Work required
All lines of the listing that contain "priced" should be shown in full.

Data for the task
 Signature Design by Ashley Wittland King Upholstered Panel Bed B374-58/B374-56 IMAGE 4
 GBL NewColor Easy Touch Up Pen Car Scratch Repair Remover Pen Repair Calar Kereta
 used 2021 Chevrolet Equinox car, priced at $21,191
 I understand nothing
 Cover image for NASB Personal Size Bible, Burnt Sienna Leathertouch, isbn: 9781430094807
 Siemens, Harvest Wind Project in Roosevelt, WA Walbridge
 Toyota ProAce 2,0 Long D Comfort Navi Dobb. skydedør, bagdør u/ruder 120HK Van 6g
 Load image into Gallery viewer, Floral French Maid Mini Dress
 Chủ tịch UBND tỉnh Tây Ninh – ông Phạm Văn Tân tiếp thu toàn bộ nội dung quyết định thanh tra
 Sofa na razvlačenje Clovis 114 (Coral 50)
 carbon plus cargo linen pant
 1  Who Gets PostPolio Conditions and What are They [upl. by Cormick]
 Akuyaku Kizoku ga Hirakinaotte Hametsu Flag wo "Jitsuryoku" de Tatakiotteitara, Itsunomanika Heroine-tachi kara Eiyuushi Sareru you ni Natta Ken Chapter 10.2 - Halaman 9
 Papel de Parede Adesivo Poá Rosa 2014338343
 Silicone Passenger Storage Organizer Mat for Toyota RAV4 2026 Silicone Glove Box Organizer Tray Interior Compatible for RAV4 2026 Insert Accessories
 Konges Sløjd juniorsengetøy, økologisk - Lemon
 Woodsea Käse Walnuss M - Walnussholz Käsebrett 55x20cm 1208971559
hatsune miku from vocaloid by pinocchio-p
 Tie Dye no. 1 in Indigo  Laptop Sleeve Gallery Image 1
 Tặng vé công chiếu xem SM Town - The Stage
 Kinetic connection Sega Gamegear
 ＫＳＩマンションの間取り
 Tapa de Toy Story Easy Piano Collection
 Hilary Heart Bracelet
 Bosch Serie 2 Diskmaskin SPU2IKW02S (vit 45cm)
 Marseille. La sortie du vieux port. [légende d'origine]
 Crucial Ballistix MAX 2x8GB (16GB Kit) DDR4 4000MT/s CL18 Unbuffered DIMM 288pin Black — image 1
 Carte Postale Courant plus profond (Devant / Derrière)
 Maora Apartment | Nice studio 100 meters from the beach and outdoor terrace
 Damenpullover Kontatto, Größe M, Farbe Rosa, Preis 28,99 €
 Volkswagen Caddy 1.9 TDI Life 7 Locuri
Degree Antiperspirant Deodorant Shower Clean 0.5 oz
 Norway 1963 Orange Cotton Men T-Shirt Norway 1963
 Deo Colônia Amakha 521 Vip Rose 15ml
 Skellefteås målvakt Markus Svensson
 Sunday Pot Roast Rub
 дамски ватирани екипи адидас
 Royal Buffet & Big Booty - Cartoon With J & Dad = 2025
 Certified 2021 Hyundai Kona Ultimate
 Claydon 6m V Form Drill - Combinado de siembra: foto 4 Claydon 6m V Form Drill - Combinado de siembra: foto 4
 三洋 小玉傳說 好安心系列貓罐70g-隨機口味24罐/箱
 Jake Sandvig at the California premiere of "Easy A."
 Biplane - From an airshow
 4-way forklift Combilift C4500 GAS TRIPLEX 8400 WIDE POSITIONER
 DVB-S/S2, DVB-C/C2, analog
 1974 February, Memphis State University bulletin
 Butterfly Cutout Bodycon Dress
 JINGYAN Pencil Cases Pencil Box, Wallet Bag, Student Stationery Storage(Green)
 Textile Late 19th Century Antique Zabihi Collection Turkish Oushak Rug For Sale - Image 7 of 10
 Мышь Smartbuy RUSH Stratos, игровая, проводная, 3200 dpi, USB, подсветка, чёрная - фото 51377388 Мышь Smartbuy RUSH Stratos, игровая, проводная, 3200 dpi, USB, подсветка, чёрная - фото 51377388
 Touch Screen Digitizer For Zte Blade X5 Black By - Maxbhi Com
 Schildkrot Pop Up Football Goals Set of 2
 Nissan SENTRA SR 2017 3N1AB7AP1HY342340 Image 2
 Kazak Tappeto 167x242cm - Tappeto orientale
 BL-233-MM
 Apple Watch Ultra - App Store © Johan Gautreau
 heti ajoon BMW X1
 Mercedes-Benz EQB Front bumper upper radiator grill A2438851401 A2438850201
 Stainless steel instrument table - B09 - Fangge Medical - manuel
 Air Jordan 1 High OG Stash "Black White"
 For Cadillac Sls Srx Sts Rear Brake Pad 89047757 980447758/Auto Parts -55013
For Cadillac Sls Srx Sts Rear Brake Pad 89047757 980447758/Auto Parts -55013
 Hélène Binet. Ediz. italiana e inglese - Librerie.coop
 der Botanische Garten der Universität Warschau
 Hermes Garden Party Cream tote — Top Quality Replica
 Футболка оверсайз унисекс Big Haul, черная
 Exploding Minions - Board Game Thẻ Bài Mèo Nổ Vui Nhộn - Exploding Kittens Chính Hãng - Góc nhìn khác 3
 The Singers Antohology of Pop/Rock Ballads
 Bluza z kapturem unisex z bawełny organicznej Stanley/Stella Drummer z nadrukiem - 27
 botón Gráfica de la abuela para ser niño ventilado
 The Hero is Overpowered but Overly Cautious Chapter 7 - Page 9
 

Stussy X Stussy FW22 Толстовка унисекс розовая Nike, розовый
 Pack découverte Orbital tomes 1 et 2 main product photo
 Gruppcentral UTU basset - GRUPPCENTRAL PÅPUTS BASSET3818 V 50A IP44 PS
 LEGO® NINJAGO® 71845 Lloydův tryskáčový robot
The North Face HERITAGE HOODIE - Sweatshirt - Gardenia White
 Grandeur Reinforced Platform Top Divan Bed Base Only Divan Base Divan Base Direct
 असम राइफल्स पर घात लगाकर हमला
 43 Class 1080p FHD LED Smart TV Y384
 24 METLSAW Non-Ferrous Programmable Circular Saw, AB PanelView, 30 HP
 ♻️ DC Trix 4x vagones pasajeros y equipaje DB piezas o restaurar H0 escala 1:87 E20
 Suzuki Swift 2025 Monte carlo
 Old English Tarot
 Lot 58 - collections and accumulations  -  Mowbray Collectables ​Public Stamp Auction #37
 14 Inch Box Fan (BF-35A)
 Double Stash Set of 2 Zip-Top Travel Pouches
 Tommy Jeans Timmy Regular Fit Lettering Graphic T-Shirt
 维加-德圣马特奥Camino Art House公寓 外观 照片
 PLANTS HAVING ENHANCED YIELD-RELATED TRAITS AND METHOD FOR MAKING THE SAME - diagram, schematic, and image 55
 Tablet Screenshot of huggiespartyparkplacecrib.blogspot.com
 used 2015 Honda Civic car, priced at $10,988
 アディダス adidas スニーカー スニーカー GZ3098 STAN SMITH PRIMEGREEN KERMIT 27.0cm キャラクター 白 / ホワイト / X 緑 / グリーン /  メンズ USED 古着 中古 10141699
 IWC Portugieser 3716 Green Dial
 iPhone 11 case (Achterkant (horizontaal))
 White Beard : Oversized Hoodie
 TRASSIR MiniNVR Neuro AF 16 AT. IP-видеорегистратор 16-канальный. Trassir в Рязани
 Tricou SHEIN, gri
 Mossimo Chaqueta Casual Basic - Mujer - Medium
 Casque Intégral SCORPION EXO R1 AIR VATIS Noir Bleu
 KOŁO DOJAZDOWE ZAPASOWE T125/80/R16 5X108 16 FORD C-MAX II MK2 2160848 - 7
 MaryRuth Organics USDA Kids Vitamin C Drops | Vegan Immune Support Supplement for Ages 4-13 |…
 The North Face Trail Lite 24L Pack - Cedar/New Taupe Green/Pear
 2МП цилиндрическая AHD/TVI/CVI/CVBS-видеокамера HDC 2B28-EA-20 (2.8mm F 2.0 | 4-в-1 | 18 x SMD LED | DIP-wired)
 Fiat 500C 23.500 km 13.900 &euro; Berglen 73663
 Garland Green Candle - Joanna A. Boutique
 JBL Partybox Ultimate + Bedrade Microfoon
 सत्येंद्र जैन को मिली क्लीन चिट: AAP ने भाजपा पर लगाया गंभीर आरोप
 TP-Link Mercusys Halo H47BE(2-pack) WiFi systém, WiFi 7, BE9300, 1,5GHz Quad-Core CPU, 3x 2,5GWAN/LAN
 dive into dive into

Answer to the problem
 used 2021 Chevrolet Equinox car, priced at $21,191
 used 2015 Honda Civic car, priced at $10,988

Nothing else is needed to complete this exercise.